Walt Disney Co., the world's second-largest media conglomerate, said Monday that first-quarter earnings rose 5 percent year-over-year due to growth in the company's Media Networks and Parks and Resorts segments, partially offset by declines in Studio Entertainment operations.
Net income grew to $723 million, or 35 cents per share, from $688 million, or 33 cents per share, a year ago. The latest quarter includes a $24 million tax benefit and restructuring and impairment charges totaling $11 million related to the sale of Disney Store North America. Together, these items boosted earnings by about 1 cent.
Additionally, as a result of a reporting calendar change effective for fiscal 2005, the current quarter included an extra day, which also added a penny to earnings per share.
Analysts surveyed by Thomson First Call were looking for Disney to post earnings of 29 cents per share on sales of $8.49 billion in the latest quarter.
Revenue increased 1 percent to $8.67 billion from $8.55 billion last year.
CEO Michael Eisner said, "We remain confident in achieving double-digit earnings growth in 2005, thanks in part to the resurgence in ratings at ABC, the outstanding performance of ESPN and the recovery at our theme parks, which exemplify the strong and broad-based fundamentals of our company."
The company said Media Networks revenue increased 11 percent to $3.5 billion and segment operating income grew 36 percent to $467 million. Earnings attributable to cable operations increased by $131 million, primarily due to higher affiliate revenue at ESPN. Additionally, advertising revenue increased at ESPN due to higher rates and at ABC Family due to improved ratings.

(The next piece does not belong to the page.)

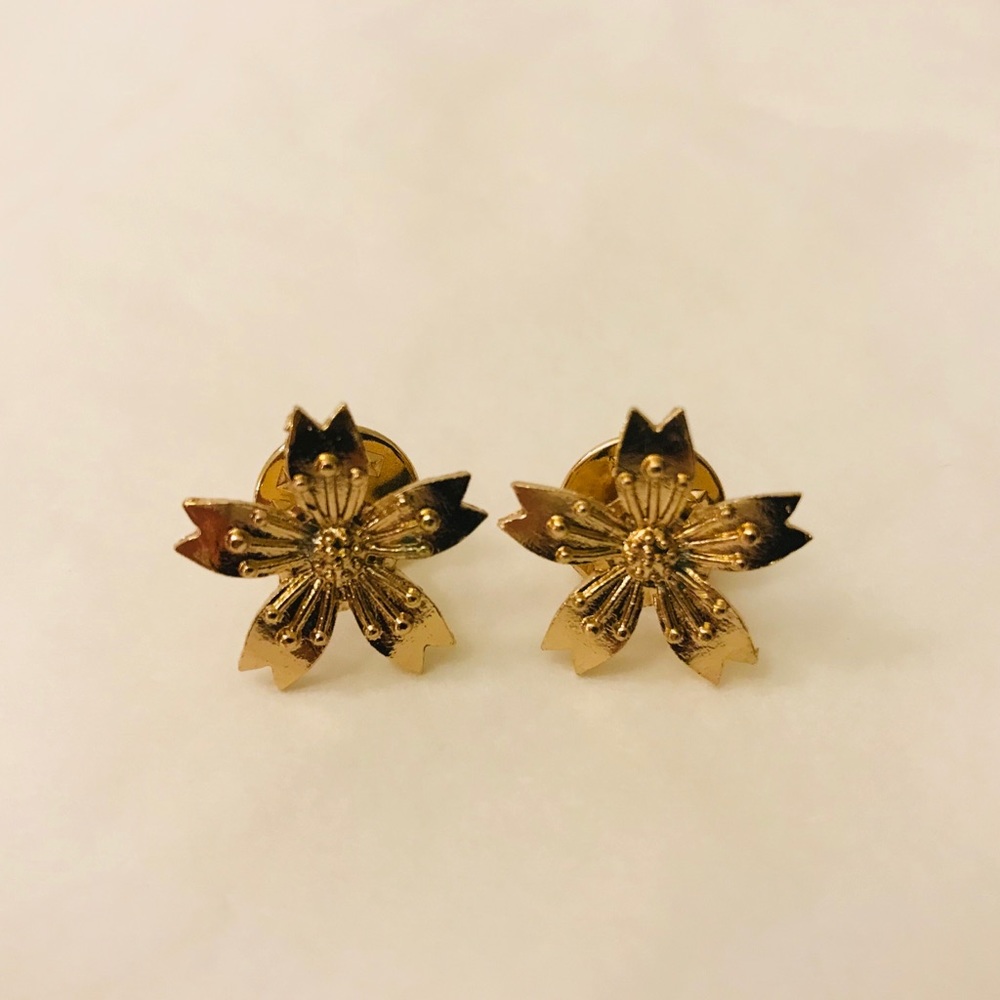 🌼Golden Flower Brooches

At the ABC Television Network, higher advertising revenue as a result of more NFL and college football broadcasts in the current quarter were more than offset by associated programming costs, while owned television stations benefited from increased political advertising revenue.

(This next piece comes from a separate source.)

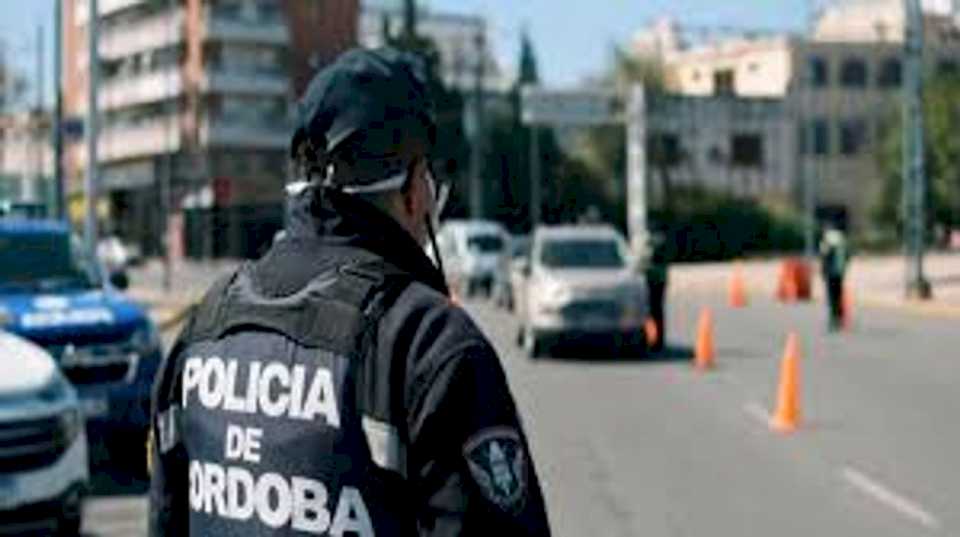 cordoba:-intento-evitar-un-control-policial-arrojando-piedras-y-quedo-detenido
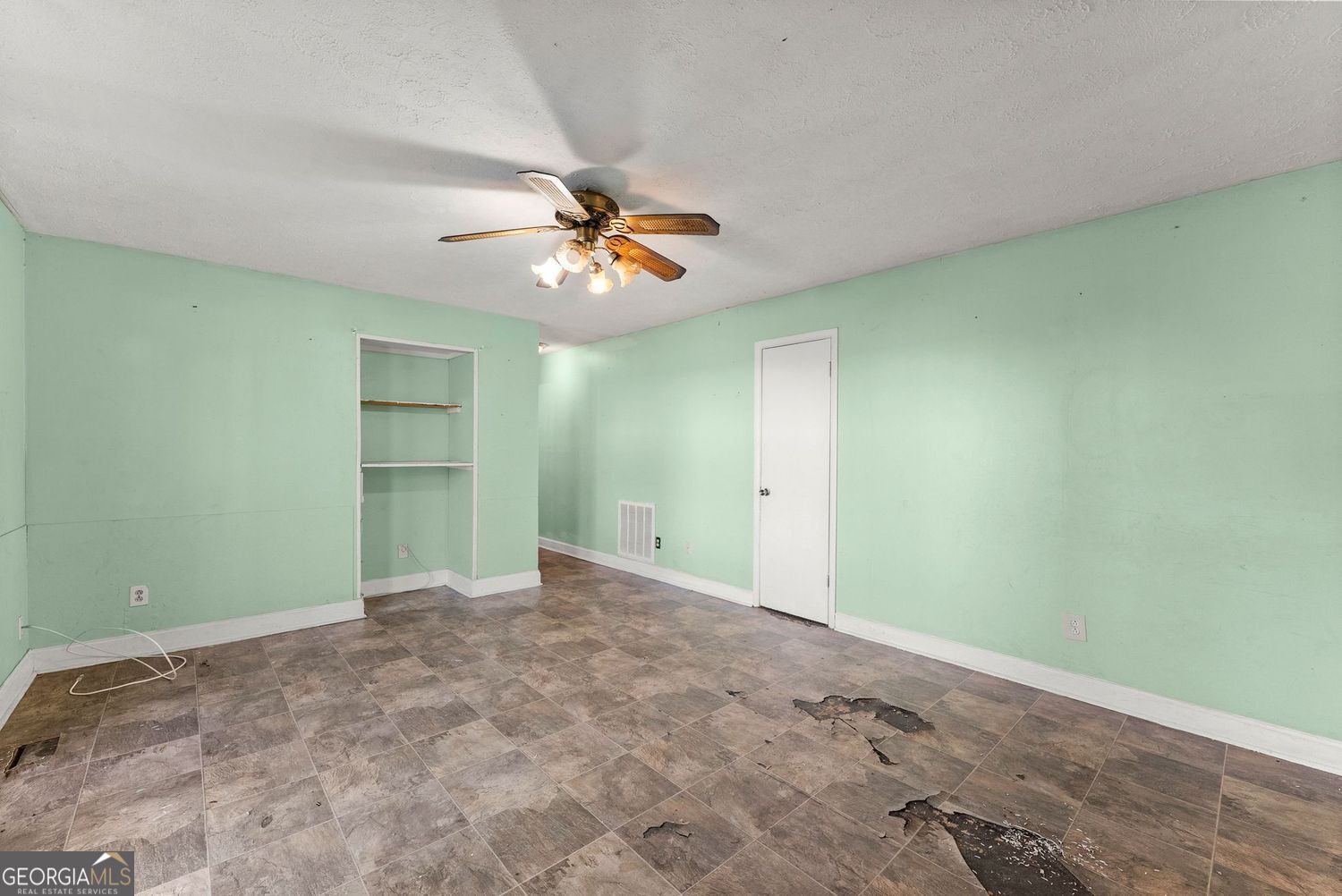 2346 4th Street Gainesville, GA 30504 - Photo 9 of 36 an empty room with closet and windows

The company said Parks and Resorts revenue rose 30 percent to $2.1 billion, with the consolidation of Euro Disney and Hong Kong Disneyland contributing $369 million of the increase in revenue. Growth was driven by increased theme park attendance and hotel occupancy at the Walt Disney World Resort, as well as higher guest spending at the Disneyland Resort, primarily due to ticket price increases, fewer promotional discounts and the introduction of new ticket media.
The company said higher visitation at Walt Disney World from both international and domestic tourists, as well as local Florida residents, reflected a strong holiday period and continued improvements in travel and tourism.
However, Walt Disney said Studio Entertainment revenue dropped 20 percent in the latest quarter to $2.4 billion, driven by a decline in worldwide home entertainment due to lower DVD sales of current-year titles. The company said the year-ago period included strong performances by Disney/Pixar's "Finding Nemo," "Pirates of the Caribbean" and "The Lion King" Platinum Release.
Sales of consumer products also declined during the quarter due to the absence of holiday season profits at the Disney Store, which was sold in mid-November.